L’ouvrage est axé sur la critique que Murray Bookchin fait de l’anarcho-syndicalisme, aussi bien passé que présent, sous le titre « Le spectre de l’anarcho-syndicalisme », texte qui a déjà beaucoup circulé dans les milieux libertaires anglo-saxons et hispanisants (il date de 1992) et qui est enfin traduit en français. Daniel Colson, Marianne Enckell et Jacky Toublet y apportent ensuite leur réponse.

L’approche centrale de Bookchin consiste à opposer l’anarcho-syndicalisme, qu’il juge uniquement centré sur le monde ouvrier industriel, sur l’usine, et le communisme libertaire, qui serait, lui, centré sur la commune. L’hégémonie passée ou, plus exactement, la prétention hégémonique de l’anarcho-syndicalisme, sinon du prolétariat lui-même, aurait constitué une impasse historique.
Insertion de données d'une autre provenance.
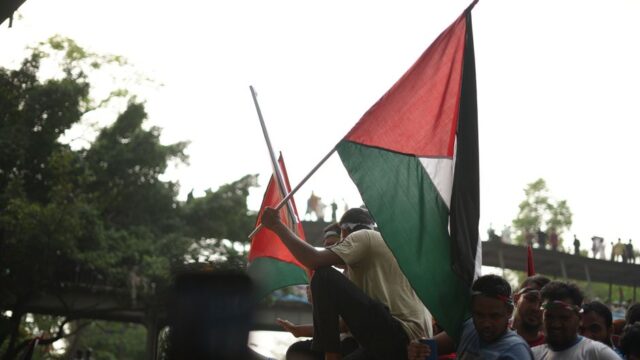 Gaza — Israel considers partial Gaza withdrawal, multinational force deployme (featured)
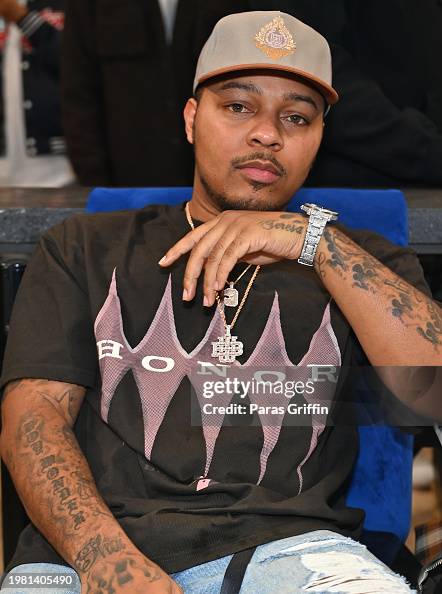 Gsi Phoenix Rapper Bow Wow attends the game between the Phoenix Suns and Atlanta ...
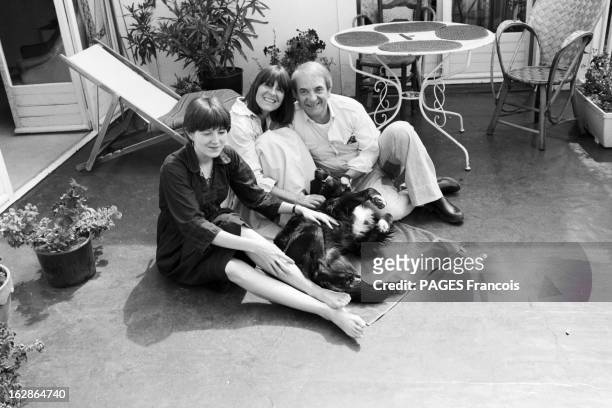 Rendezvous With Jean Carmet. France, Sèvres, 4 juin 1978, l'acteur et scénariste français Jean CARMET chez lui avec sa femme Sonia et leur fille...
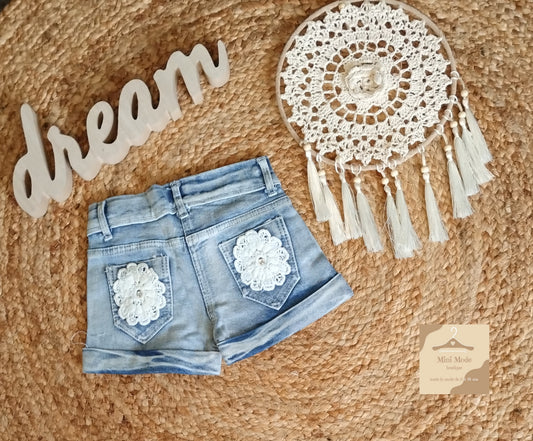 Short jean bleu délavé avec poches brodées
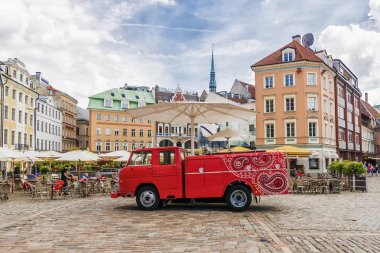 Riga, Letonya-10 Temmuz 2017: sokak kafeleri kulesi olarak Dome Meydanı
Elle aurait laminé le communisme libertaire, la seule planche de salut.

Les trois réponses ont beau jeu de relever les nombreuses approximations, les anachronismes, les reconstructions a posteriori, ou même les erreurs historiques et sociologiques commises par Murray Bookchin, notamment à propos de son analyse de la CGT française du début du siècle et de la CNT espagnole jusqu’en 1936. À propos du syndicalisme révolutionnaire français, Daniel Colson souligne l’extraordinaire richesse de sa vie sociale, bien au-delà des seules revendications salariales, au demeurant légitimes, auxquelles Bookchin réduit abusivement le syndicalisme libertaire. Ce rappel de Colson, ainsi que le très instructif tableau des forces syndicalistes-révolutionnaires mondiales au début du XXe siècle qu’il nous fournit (p. 48), ne va d’ailleurs pas sans contradiction avec la teneur de son propos, qui relève des « pleureuses de l’anarchie » ou du « mur des lamentations libertaires », puisqu’il évolue sur le registre du « nous ne sommes rien du tout, et même nous n’avons jamais rien été », alors qu’il nous évoque les bourses du travail où se retrouvaient « par centaines et souvent par milliers, militants, sympathisants ou grévistes » (p. 55). Quant à la CNT espagnole, Bookchin oublie complètement que celle-ci fut pendant très longtemps réfractaire aux fédérations d’industrie, à cause du risque de corporatisme qu’elles représentent, et qu’elle privilégiait au contraire les unions locales, communales, avec pour finalité … le communisme libertaire lui-même.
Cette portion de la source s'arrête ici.